Zenger was a member of various scientific Czech and foreign institutions, including. Member of the Society of Czech Engineers, corresponding member of the Imperial and Royal Geological Survey in Vienna, member of the Royal Bohemian Society of Sciences, the Czech Academy of Sciences and Arts, the Association for the Promotion of Industry in Bohemia, honorary member of the Sociedad Científica Antonio Alzate in Mexico, the Società Astronomica Italiana in Rome, the Société nationale des Architectes de France in Paris, and honorary member of the International Solar Observatory of the Republic of Paraguay in Montevideo.

His students included, for example, František Křižík and Milan Rastislav Štefánik, who, on Zenger's advice, transferred from his studies in civil engineering to the Faculty of Philosophy.

Before his death, Zenger bequeathed his library, his astronomical instruments and his entire fortune to the university for the benefit of a student foundation. He died in January 1908 and was buried at the Olšany Cemetery.

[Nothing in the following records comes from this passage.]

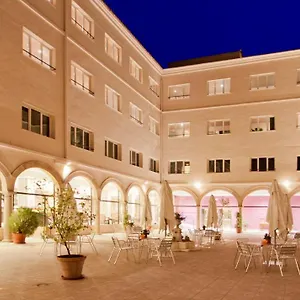 Hotel Trh Ciudad De, Baeza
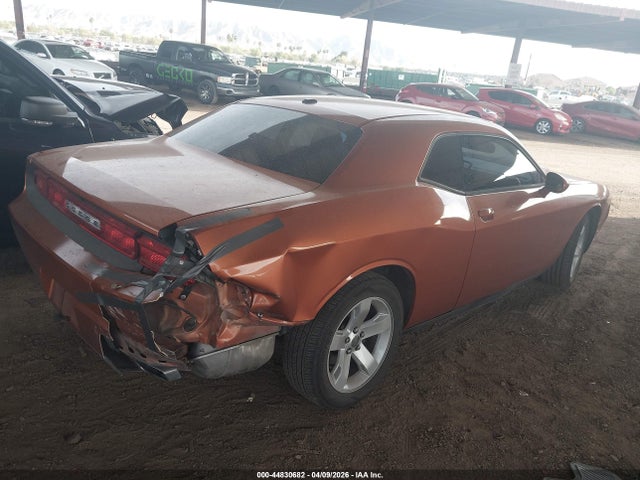 2011 Dodge Challenger მანქანა იყიდება აუქციონზე, vin: 2B3CJ4DG6BH570173, აუქციონის ნომერი: 44830682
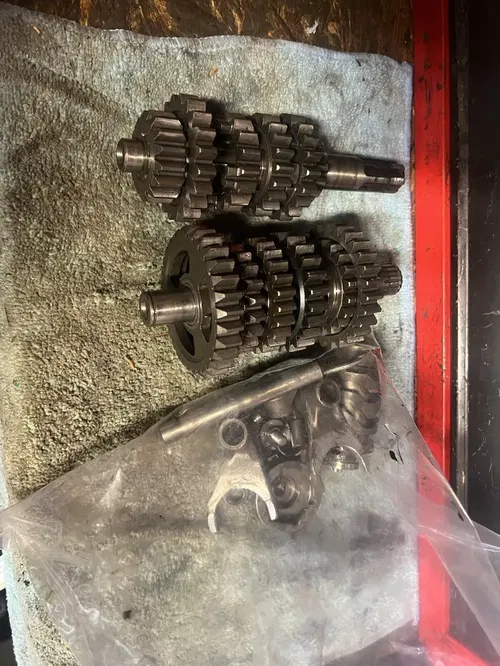 92-97 1993 RM125 RM 125 Transmission Main Input Output Counter Shaft Gears A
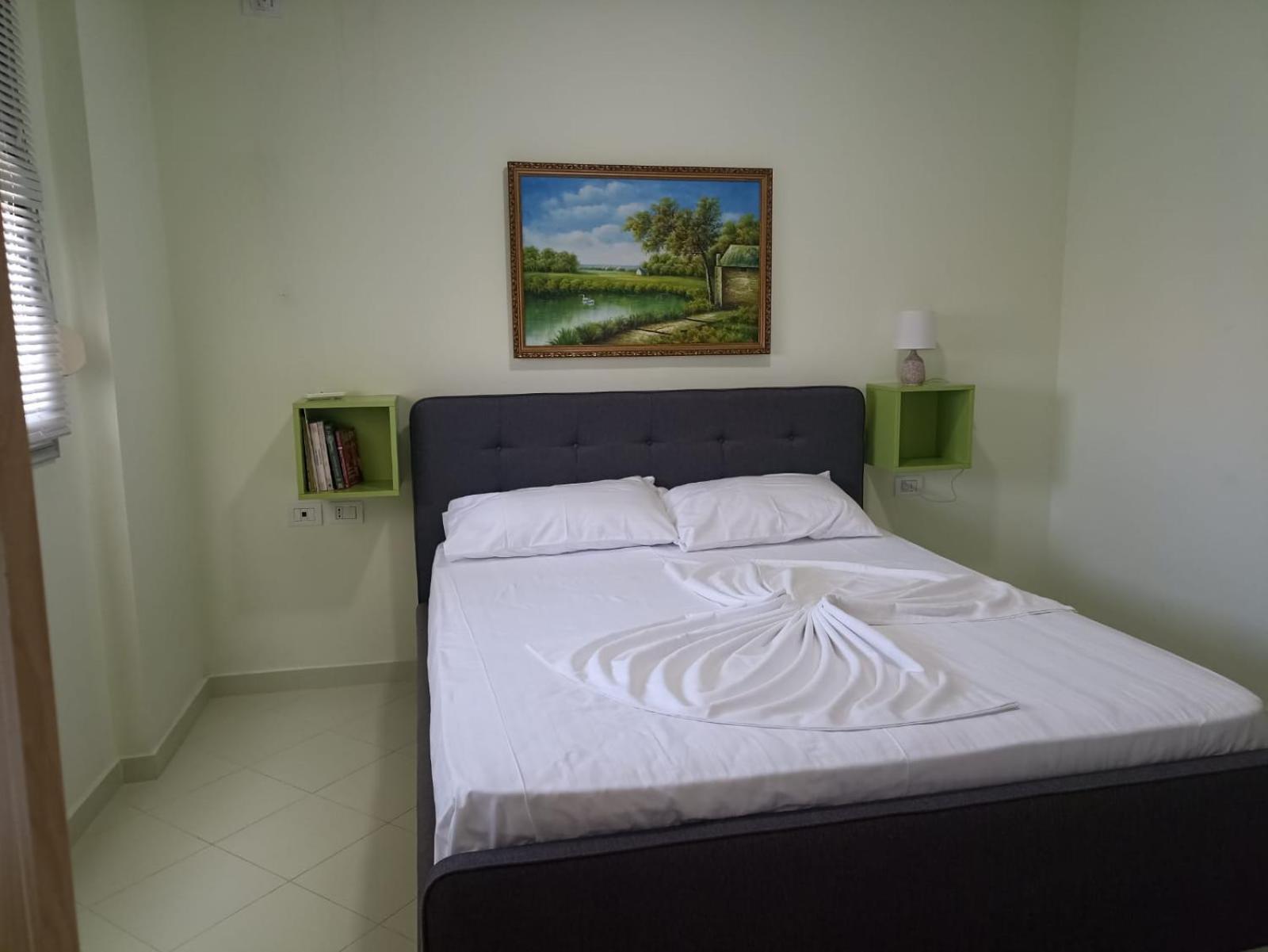Bregu Green Apartments Vlore Bagian luar foto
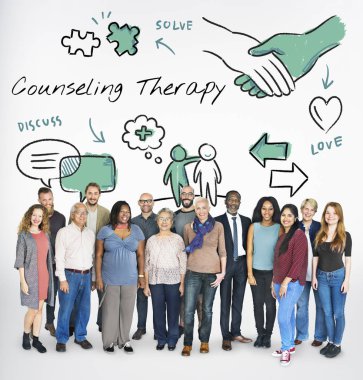 stüdyoda gülümseyen insanlar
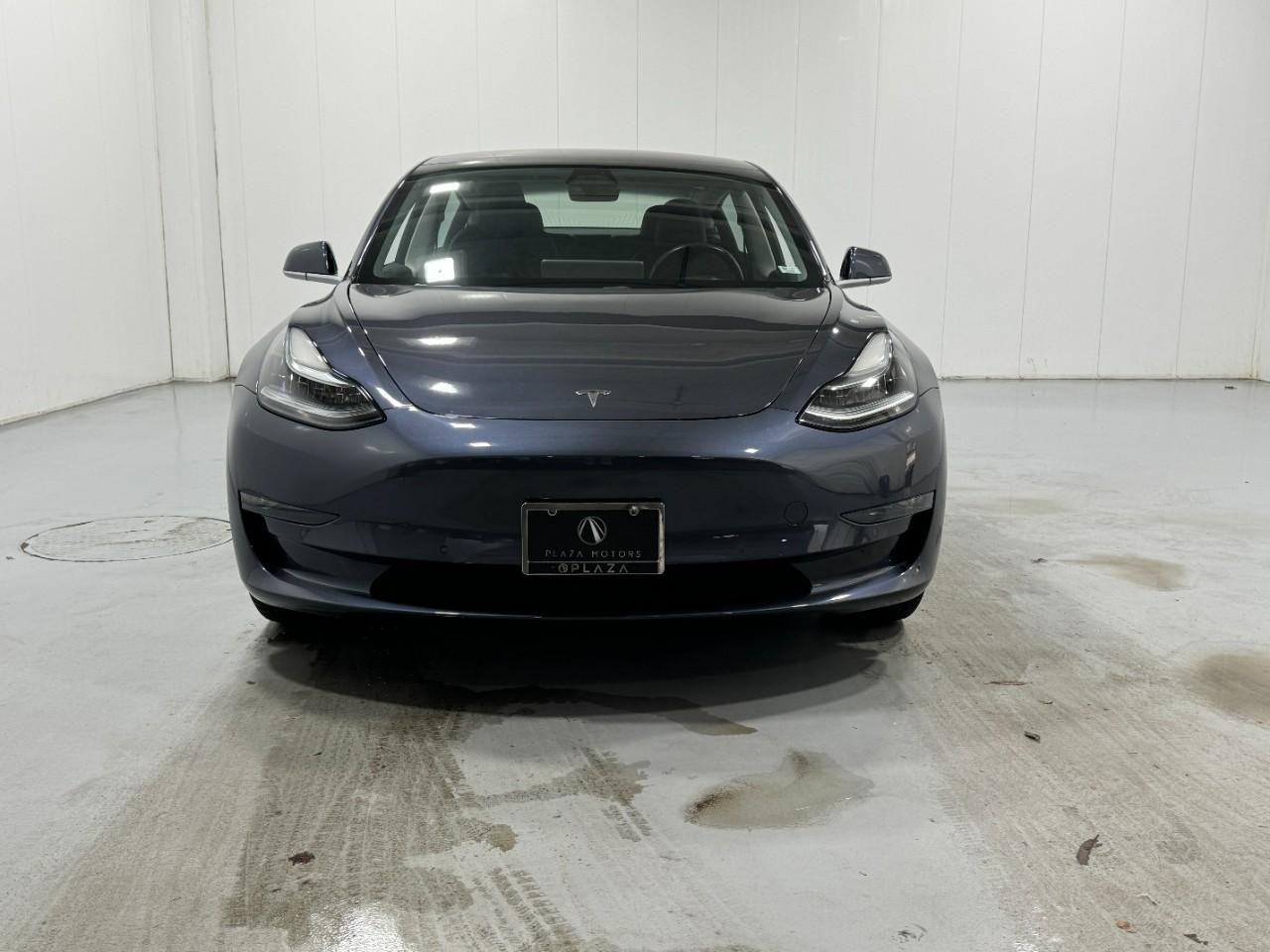Tesla Model 3 Vehicle Full-screen Gallery Image 7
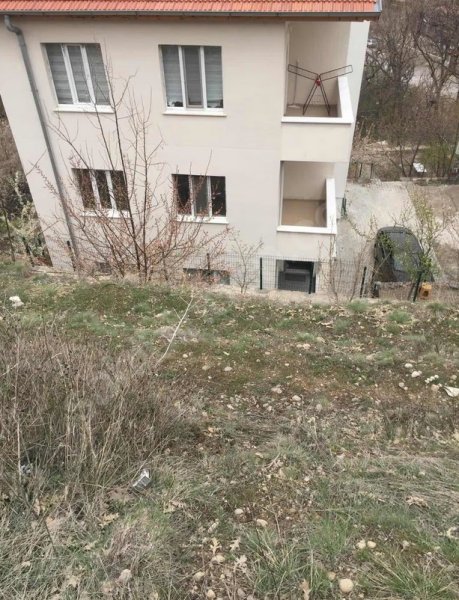 Paraşüt Alanına Yakın Bahçeli Ara Kat Daire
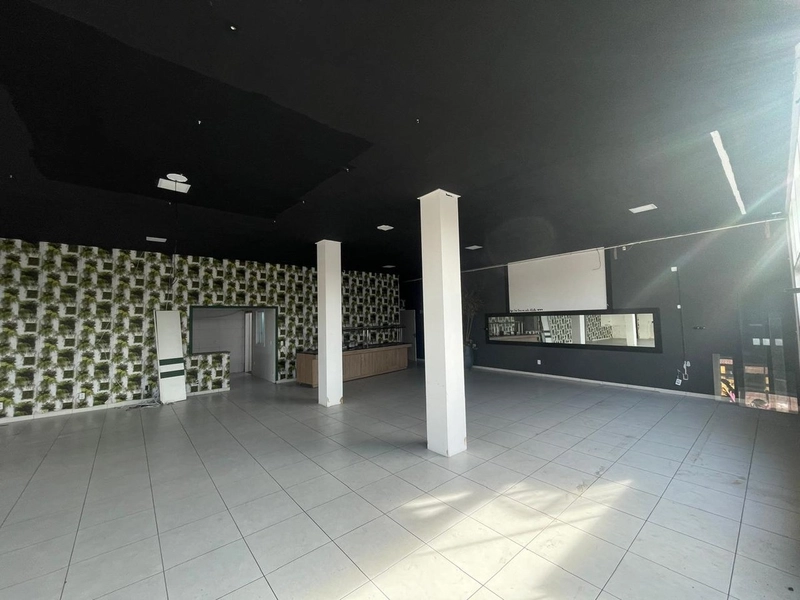 Loja comercial de esquina com 300m² ideal para Restaurante: 8ª foto da galeria de imagens do imóvel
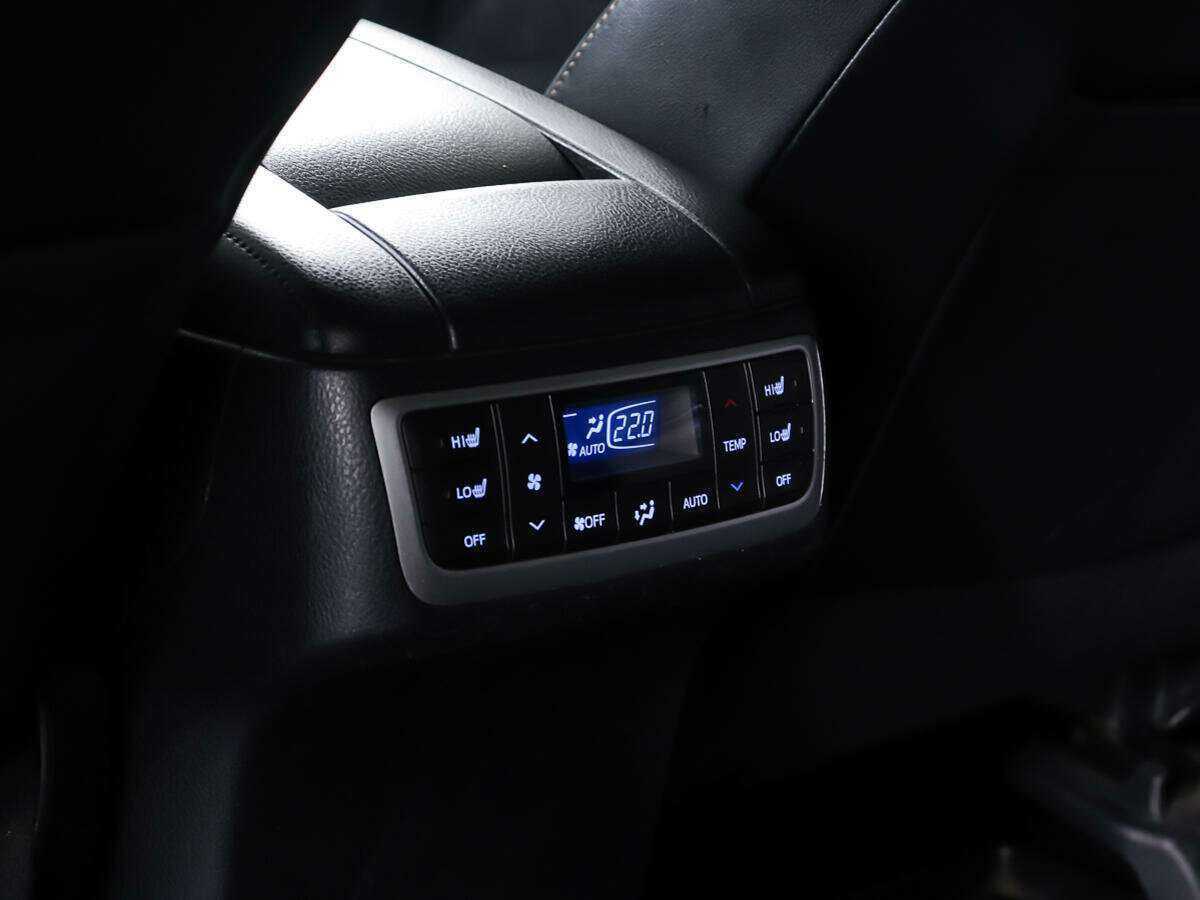 Toyota Highlander б/у, 2015, Автоматическая. Фото: #17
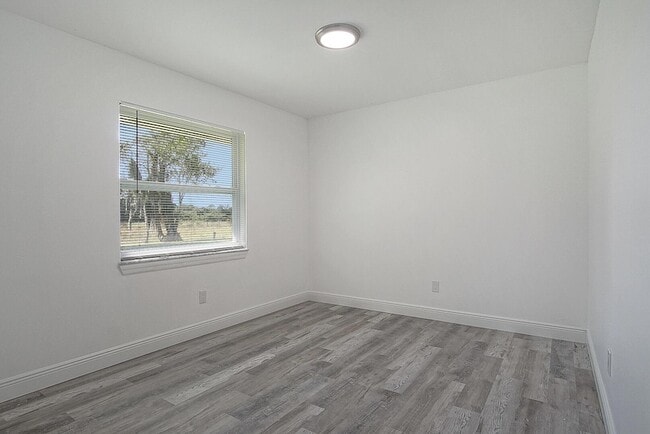 Photo - 2113 Jacobs Rd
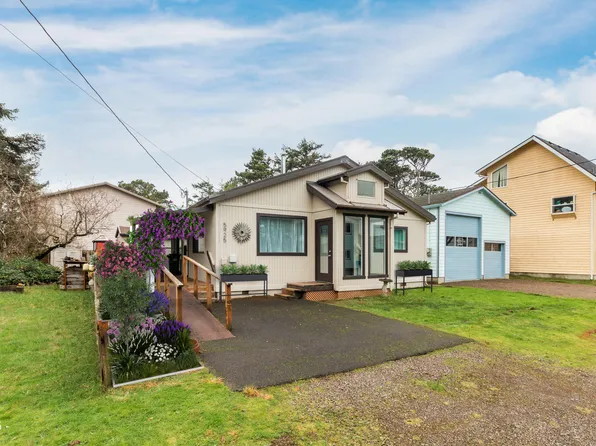 5925 Coates Ave, Cloverdale, OR 97112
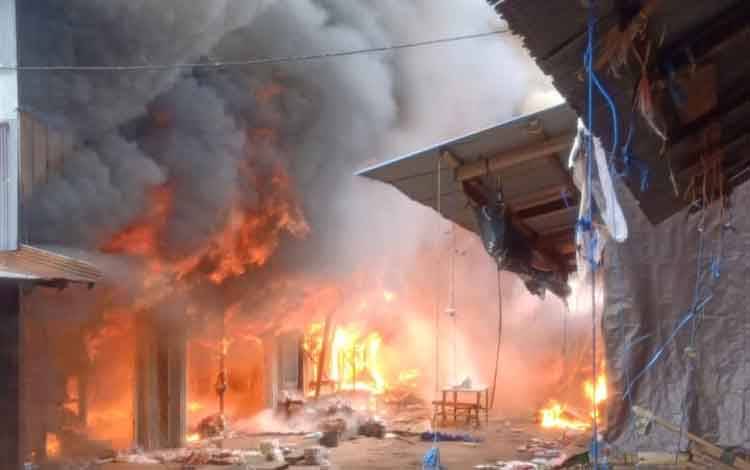 Disdamkarmat Kotim Berangkatkan 2 Armada ke Pasar Pundu yang Terbakar
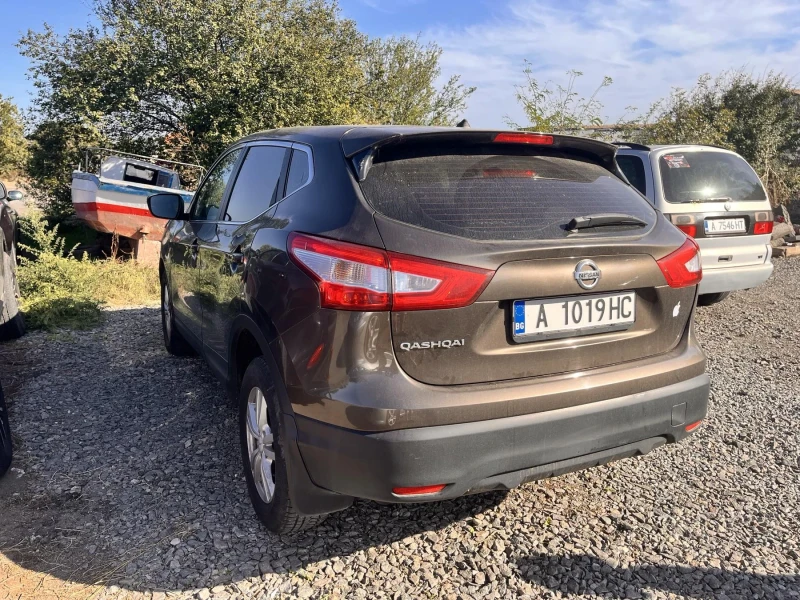 Nissan Qashqai, снимка 3 - Автомобили и джипове - 47374935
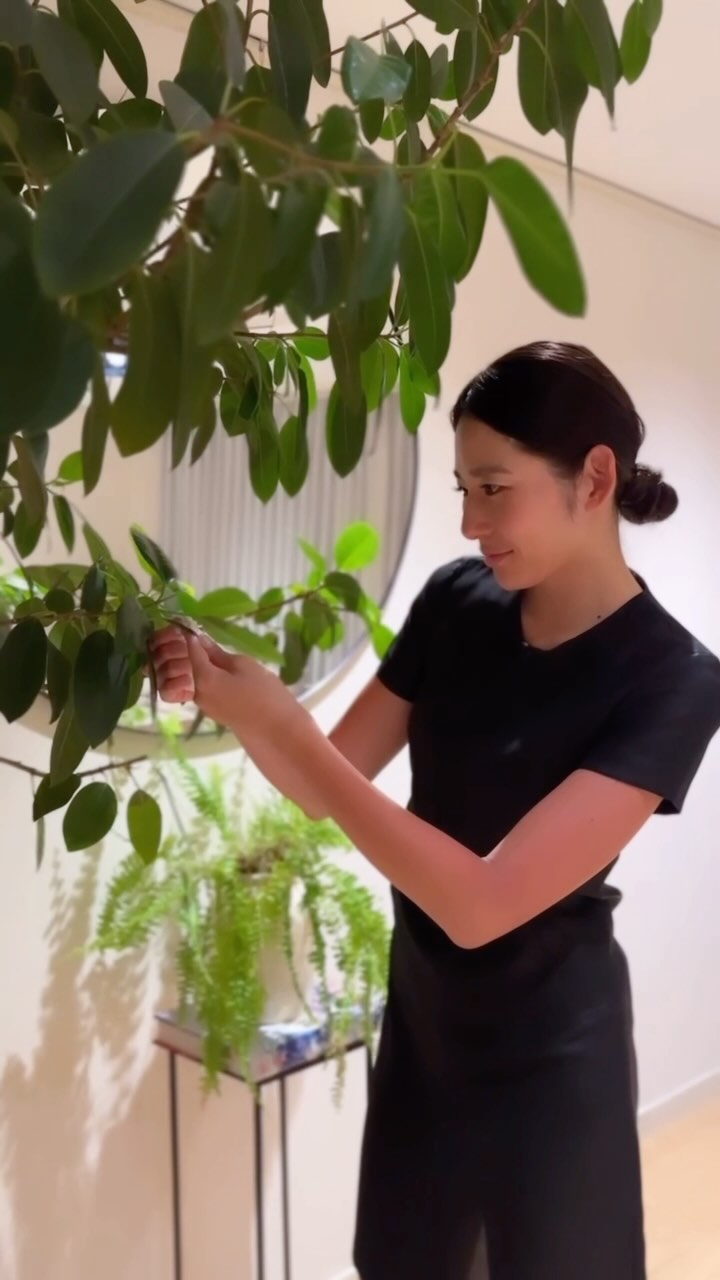 Instagram post by @moekofukuda for SHISEIDO. Caption reads: 私たち日本人は、古くなったものを「味わい」として受け入れる文化を持っています。
茶道具の「金継ぎ」や....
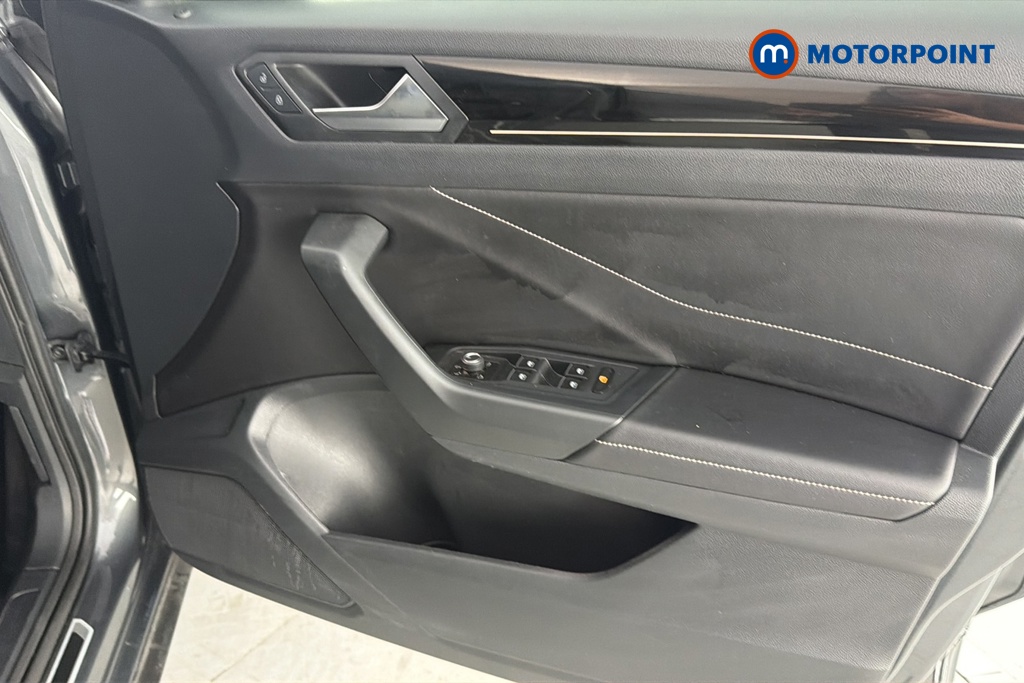 Volkswagen T-Roc R-Line Automatic Petrol SUV - Stock Number (1662585) - 18th supplementary image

== Scientific activities ==
His main interests were optics, astrophysics and the connections between solar and meteorological phenomena. Visitors to the General Land Centennial Exhibition in 1891 were able to see for themselves Zenger's versatility, where he presented 35 original instruments and 240 scientific publications. He was concerned with the methodology of electrolytic extraction of silver, copper and nickel.

He gained popularity for his theory of predicting great catastrophes. He published calendars in which he announced the dates of meteorological disturbances in advance. Thanks to his system of grounded lightning rods with symmetrically arranged arresters, the National Theatre in Prague was protected from lightning strikes. From the beginning, he also devoted himself to practical inventions.

Not all of his discoveries and inventions were confirmed and generally accepted. He published mainly in Czech, German and French (a total of 330 papers in 6 languages).

== Awards and honours ==
In 1908, Zenger was awarded the honorary title of Doctor of Technical Sciences by the Czech Technical University in Prague.

In honour of Zenger, the main lecture hall of the Czech Technical University on Charles Square in Prague was renamed the “Zenger Lecture Hall” (Zengerova posluchárna in Czech).

In Prague's public area of Klárov in the Malá Strana district, a transfer station was named after Zenger in his honour, the Zengerova transformační stanice (English: Zenger's transfer station). The building, constructed between 1929 and 1934, was designed by architect Vilém Kvasnička.

A substation built between 1930 and 1931 by the City of Prague Electricity Works below Prague Castle in the Malá Strana district of Prague was named in Zenger's honour, the Zenger Transformation Station (Czech: Zengerova transformační stanice). Since February 2022, the building has housed Kunsthalle Praha, a private museum of contemporary art.

== Written estate ==
The written estate of Zenger is now in the National Technical Museum in Prague. The museum received the estate in May 1933, and small additions were made to the collection in 1934 and 1940. The estate consists of Zenger's scientific and private correspondence; his patent, legal and commercial documents; photographs and notebooks.